The joint proposal by Spain and Portugal for a maximum price of 30 euros per megawatt hour (MWh) to make electricity cheaper will “sink” inflation, experts agree. This limit on the price of gas “until December” burned by combined cycle plants, within the framework of the mechanism for the “Iberian exception” agreed by the European Council, must be approved by the European Commission and would have “a very significant impact and automatic on the CPI (consumer price index)” and the current escalation of prices, according to Ignacio Conde-Ruiz, professor at the UCM and deputy director of Fedea.

The measures of the Shock Plan that the Government has already been able to approve -such as the fuel discount- will alleviate inflation by nearly one percentage point, according to the Funcas analysis center, which forecasts an average CPI in 2022 of 6.8% . The Bank of Spain takes this same estimate to 7.5%. Meanwhile, the Independent Authority for Fiscal Responsibility (AIReF) leaves it at 6.2%.

A climb from a year ago

Inflation had been increasing its pace since the spring of last year due to the bottlenecks in world trade due to the difficulties in world supply to reactivate and meet the explosion in demand after the pandemic, having to overcome intermittent restrictions for health reasons. The last important one, the confinement of Shanghai, the financial capital of China, during the last weeks.

While the interannual CPI for February 2021 was slightly negative -compared to 2020-, in March of last year it advanced by 1.2%, which aggravates the acceleration of this month of March 2022.

Inflation takes its toll on the poorest

Inflation rages on the poorest families. According to different studies carried out with Eurostat data for the eurozone as a whole, the lowest incomes are the ones that dedicate the most money with respect to their total spending on basic goods and services, which are the most stressed.

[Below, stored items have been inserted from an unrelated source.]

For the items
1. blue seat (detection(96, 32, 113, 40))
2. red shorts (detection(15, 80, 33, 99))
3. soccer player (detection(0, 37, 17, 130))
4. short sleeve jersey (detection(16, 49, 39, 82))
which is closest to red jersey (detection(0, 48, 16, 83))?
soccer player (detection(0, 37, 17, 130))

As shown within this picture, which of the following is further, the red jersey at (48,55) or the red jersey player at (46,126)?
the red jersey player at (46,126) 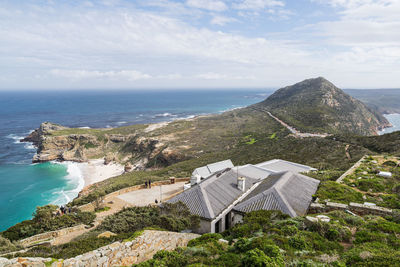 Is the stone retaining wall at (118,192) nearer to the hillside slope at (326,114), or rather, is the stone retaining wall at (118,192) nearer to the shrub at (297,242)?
the shrub at (297,242)


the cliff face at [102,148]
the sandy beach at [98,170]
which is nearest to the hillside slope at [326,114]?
the cliff face at [102,148]

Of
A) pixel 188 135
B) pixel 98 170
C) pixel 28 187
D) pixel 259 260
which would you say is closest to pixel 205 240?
pixel 259 260

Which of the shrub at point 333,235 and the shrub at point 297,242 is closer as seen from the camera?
the shrub at point 297,242

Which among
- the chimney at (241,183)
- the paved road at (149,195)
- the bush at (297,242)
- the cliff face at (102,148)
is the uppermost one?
the bush at (297,242)

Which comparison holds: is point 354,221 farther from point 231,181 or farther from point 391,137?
point 391,137

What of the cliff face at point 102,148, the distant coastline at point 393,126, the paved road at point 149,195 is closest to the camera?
the paved road at point 149,195

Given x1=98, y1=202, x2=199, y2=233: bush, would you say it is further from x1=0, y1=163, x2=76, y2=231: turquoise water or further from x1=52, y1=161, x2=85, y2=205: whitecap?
x1=52, y1=161, x2=85, y2=205: whitecap

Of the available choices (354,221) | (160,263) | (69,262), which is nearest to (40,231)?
(69,262) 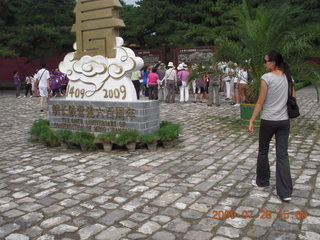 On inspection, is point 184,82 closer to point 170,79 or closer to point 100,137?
point 170,79

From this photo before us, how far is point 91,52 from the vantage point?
757 cm

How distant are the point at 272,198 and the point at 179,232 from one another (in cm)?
138

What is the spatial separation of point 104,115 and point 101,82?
0.75 meters

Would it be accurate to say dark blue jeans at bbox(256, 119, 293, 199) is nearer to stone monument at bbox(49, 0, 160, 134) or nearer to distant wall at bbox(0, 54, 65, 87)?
stone monument at bbox(49, 0, 160, 134)

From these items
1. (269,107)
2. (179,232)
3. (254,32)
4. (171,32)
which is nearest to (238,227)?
(179,232)

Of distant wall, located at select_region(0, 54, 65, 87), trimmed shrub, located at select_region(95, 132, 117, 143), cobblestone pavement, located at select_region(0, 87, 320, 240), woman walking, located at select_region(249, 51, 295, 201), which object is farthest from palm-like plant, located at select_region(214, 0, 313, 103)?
distant wall, located at select_region(0, 54, 65, 87)

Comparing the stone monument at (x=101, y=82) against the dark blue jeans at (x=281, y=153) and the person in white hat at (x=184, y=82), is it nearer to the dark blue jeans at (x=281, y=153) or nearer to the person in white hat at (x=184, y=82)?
the dark blue jeans at (x=281, y=153)

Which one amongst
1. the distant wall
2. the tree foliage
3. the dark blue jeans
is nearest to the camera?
the dark blue jeans

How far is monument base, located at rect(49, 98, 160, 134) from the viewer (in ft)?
22.1

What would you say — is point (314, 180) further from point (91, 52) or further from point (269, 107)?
point (91, 52)

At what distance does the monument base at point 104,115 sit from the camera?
6.75m

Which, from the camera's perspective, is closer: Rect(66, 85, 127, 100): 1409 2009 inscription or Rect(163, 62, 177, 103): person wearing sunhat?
Rect(66, 85, 127, 100): 1409 2009 inscription

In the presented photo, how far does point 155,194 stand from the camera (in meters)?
4.34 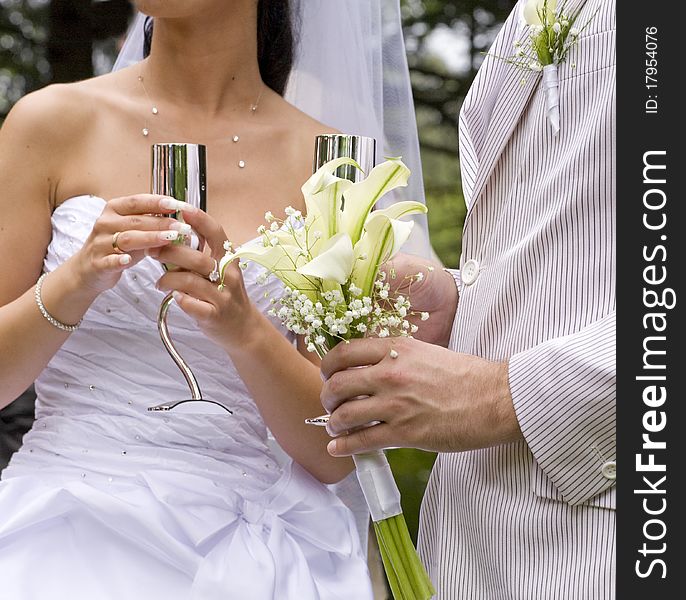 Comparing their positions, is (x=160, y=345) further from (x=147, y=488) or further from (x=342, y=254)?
(x=342, y=254)

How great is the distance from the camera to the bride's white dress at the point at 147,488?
7.68ft

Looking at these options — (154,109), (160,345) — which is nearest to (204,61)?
(154,109)

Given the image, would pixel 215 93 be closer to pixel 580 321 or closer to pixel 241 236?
pixel 241 236

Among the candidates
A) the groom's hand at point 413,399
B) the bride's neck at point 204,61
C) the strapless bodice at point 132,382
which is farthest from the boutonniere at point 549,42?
the bride's neck at point 204,61

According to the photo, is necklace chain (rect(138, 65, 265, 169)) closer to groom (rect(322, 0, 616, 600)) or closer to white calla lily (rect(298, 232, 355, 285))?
groom (rect(322, 0, 616, 600))

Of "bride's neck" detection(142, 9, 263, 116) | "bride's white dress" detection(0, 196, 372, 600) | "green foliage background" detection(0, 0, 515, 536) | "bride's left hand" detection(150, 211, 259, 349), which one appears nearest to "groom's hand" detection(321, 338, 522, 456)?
"bride's left hand" detection(150, 211, 259, 349)

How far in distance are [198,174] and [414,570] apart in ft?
2.96

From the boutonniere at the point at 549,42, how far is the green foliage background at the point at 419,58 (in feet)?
15.5

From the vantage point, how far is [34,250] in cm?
275

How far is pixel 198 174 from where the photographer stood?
6.94 ft

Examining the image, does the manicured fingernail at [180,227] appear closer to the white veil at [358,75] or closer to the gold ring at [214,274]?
the gold ring at [214,274]

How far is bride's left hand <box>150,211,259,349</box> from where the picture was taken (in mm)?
2115

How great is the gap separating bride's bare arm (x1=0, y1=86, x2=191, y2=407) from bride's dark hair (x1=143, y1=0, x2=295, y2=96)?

Specifically, according to calculations by the debt rating agency Moody’s, the fifth part of European families with the least disposable income spends 15% on food and 7% on electricity and gas supplies and on different fuels. Meanwhile, the highest incomes spend only 11% and 4%, respectively, of their total spending on these same products.

“These products have a very rigid demand that makes it difficult to find substitutes (one can stop going on vacation if it is too expensive, but it is more difficult to limit heating in the winter months, for example), so the rise in Inflation is having an uneven impact by income brackets”, points out Rita Sánchez Soliva, an economist at Caixabank Research, in a recent report.

“The perverse effects of inflation on the lowest incomes are devastating, because they dedicate a greater proportion of their wages or income to basic products”, agrees Professor Josep Bertran, who adds, on the other hand, that “the higher the inflation, more VAT is paid, since the same percentage is recharged on a higher price”.

Moody’s analyst team demonstrates in a historical analysis that “when oil prices rise, consumer spending on food is more resilient than other spending.” In short, and in line with the example of Rita Sánchez, it is easy to postpone the decision to enjoy a cruise in an inflationary context, but you cannot do without buying bread.